How to do a matrix dot product in the GPU with rapids.ai

Question

I'm using CUDF it's part of the rapids ML suite from Nvidia.

Using this suite how would I do a dot product?

df = cudf.DataFrame([('a', list(range(20))),
('b', list(reversed(range(20)))),
('c', list(range(20)))])

e.g. how would I perform a dot product on the above Dataframe using the same cudf object?

Answer 1

cuDF Dataframe provides an apply_rows method, which is capable of compiling a method in to a kernel and executing on the GPU. This functionality was implemented January of last year.

import cudf
import numpy

rows = 20000000

df = cudf.DataFrame([
    ('a_in', list(range(rows))),
    ('b_in', list(reversed(range(rows)))),
    ('c_in', list(range(rows)))
])

def kernel(a_in, b_in, c_in, dot):
     for i, (a, b, c) in enumerate(zip(a_in, b_in, c_in)):
         dot[i] = a * b * c

df = df.apply_rows(
    kernel,
    incols=['a_in', 'b_in', 'c_in'],
    outcols=dict(dot=numpy.float64),
    kwargs=dict()
)

[x for x in df['dot']]

pruduces

[0.0,
 18.0,
 68.0,
 144.0,
 240.0,
 350.0,
 468.0,
 588.0,
 704.0,
 810.0,
 900.0,
 968.0,
 1008.0,
 1014.0,
 980.0,
 900.0,
 768.0,
 578.0,
 324.0,
 0.0]

As for computing the dot product...

import cudf
import numpy
import pandas

rows = 20000000

values_a = [float(x) for x in list(range(rows))]
values_b = [float(x) for x in list(reversed(range(rows)))]
values_c = [float(x) for x in list(range(rows))]
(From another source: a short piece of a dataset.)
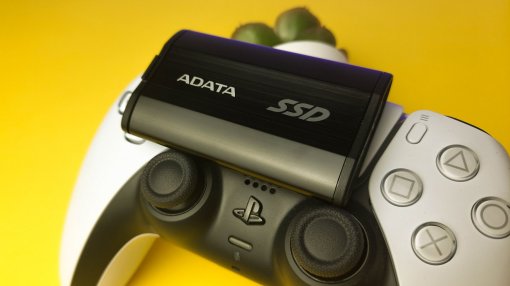 Обзор Adata SE800: как справляется с играми на Playstation 5 внешний SSD-накопитель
def create_cudf_dataframe():
    return cudf.DataFrame([
        ('a_in', values_a),
        ('b_in', values_b),
        ('c_in', values_c)
    ])

def create_pandas_dataframe():
    return pandas.DataFrame(
        data = {
            'a_in': values_a,
            'b_in': values_b,
            'c_in': values_c
        }
    )


def test_cudf(df = None):

    print('\ncomputing dot product using cudf')
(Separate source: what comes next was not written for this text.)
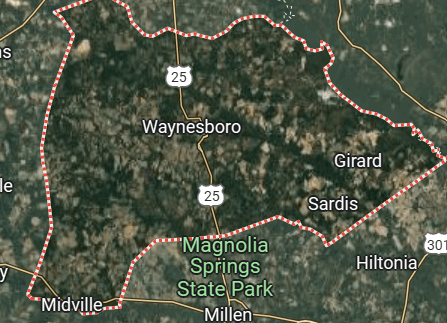 we buy land burke county georgia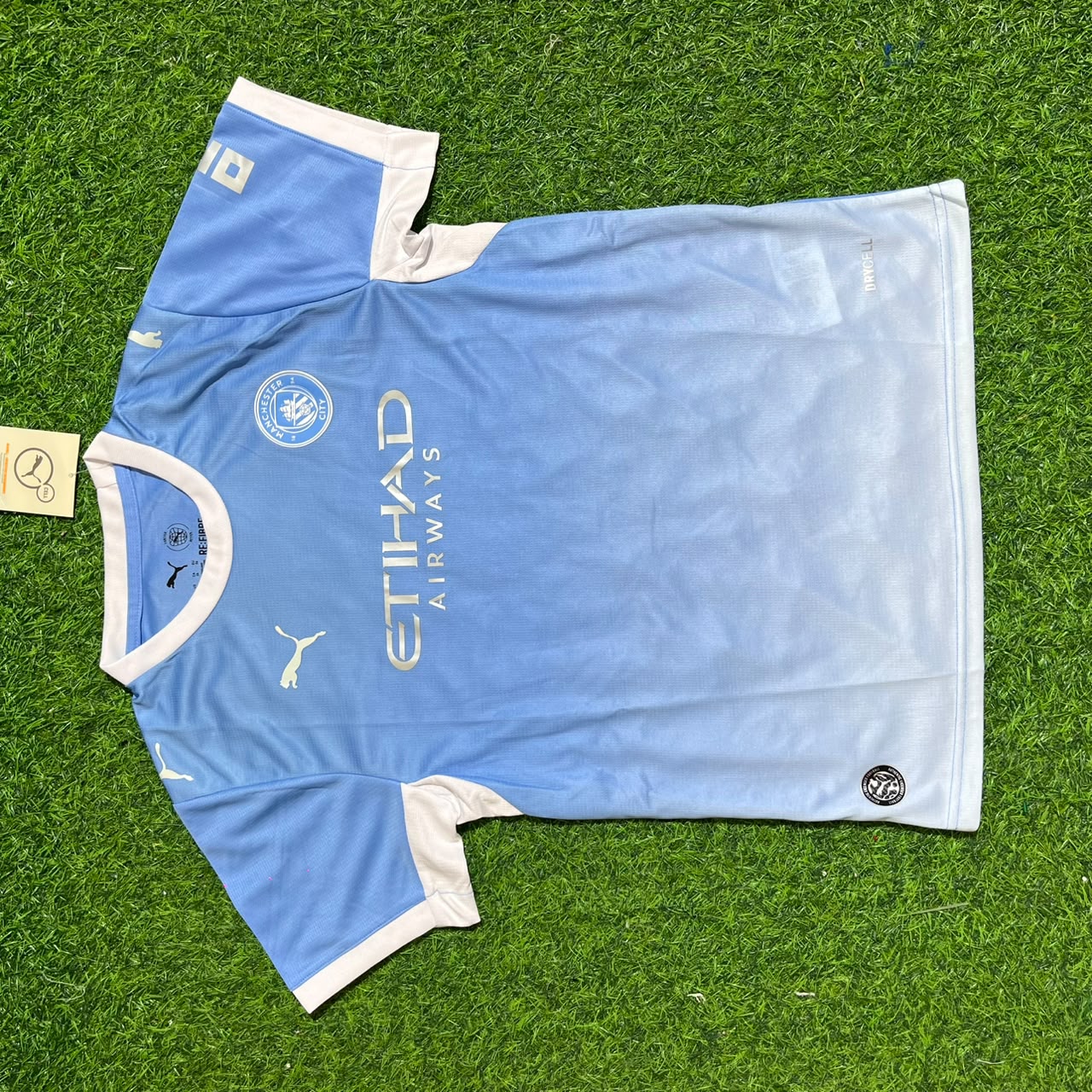 Erling Haaland Manchester City 2026-27 Home New Season Jersey Trikot Maillot Soccer Shirt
    def kernel(a_in, b_in, c_in, dot):
         for i, (a, b, c) in enumerate(zip(a_in, b_in, c_in)):
             dot[i] = a * b * c

    if df is None:
        print(' - creating dataframe using cudf')
        df = create_cudf_dataframe()

    df = df.apply_rows(
        kernel,
        incols=['a_in', 'b_in', 'c_in'],
        outcols=dict(dot=numpy.float64),
        kwargs=dict(),
        cache_key='dot_product_3'
    )

    dp = df['dot'].sum()

    print(dp);


def test_pandas(df = None):
    print('\ncomputing dot product using pandas')
    if df is None:
        print(' - creating dataframe using pandas')
        df = create_pandas_dataframe()

    a = df['a_in']
    b = df['b_in']
    c = df['c_in']

    dp = a.mul(b).mul(c).sum()

    print(dp)

cudf_df = create_cudf_dataframe()
pandas_df = create_pandas_dataframe()

%time test_cudf()
%time test_cudf(cudf_df)
%time test_pandas()
%time test_pandas(pandas_df)

And performance results on [email protected] in jupyter running on an i7 6700-k with 32GB ram and a GTX 1080 ti.
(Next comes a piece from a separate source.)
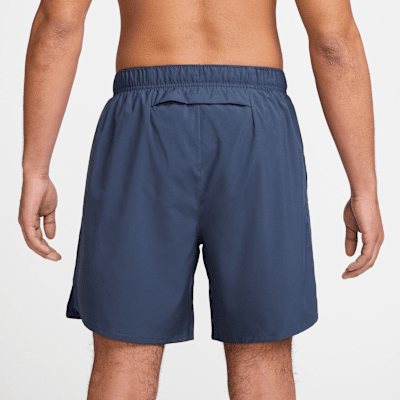 Short de running avec sous-short intégré 18 cm Dri-FIT Nike Challenger pour homme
computing dot product using cudf
 - creating dataframe using cudf
1.333333066666688e+28
CPU times: user 1.78 s, sys: 273 ms, total: 2.06 s
Wall time: 2.05 s

computing dot product using cudf
1.333333066666689e+28
CPU times: user 19.4 ms, sys: 24 ms, total: 43.4 ms
Wall time: 43.1 ms

computing dot product using pandas
 - creating dataframe using pandas
1.3333330666666836e+28
CPU times: user 7.81 s, sys: 781 ms, total: 8.59 s
Wall time: 8.57 s

computing dot product using pandas
1.3333330666666836e+28
CPU times: user 125 ms, sys: 120 ms, total: 245 ms
Wall time: 245 ms

Answer 2

I've been looking for a solution to this question for a while as well, and my cuDF/cupy/numba skills are now up to the task:

import cudf
import cupy as cp
x = cudf.DataFrame({'a': np.arange(10), 'b': np.arange(10), 'c': np.arange(10)})
X = cp.asarray(x.as_gpu_matrix())
y = cudf.DataFrame.from_gpu_matrix((X.T).dot(X))
y.columns = x.columns
print(y)

Out:

     a    b    c
0  285  285  285
1  285  285  285
2  285  285  285

Transfers from cudf to cupy and back are all zero-copy!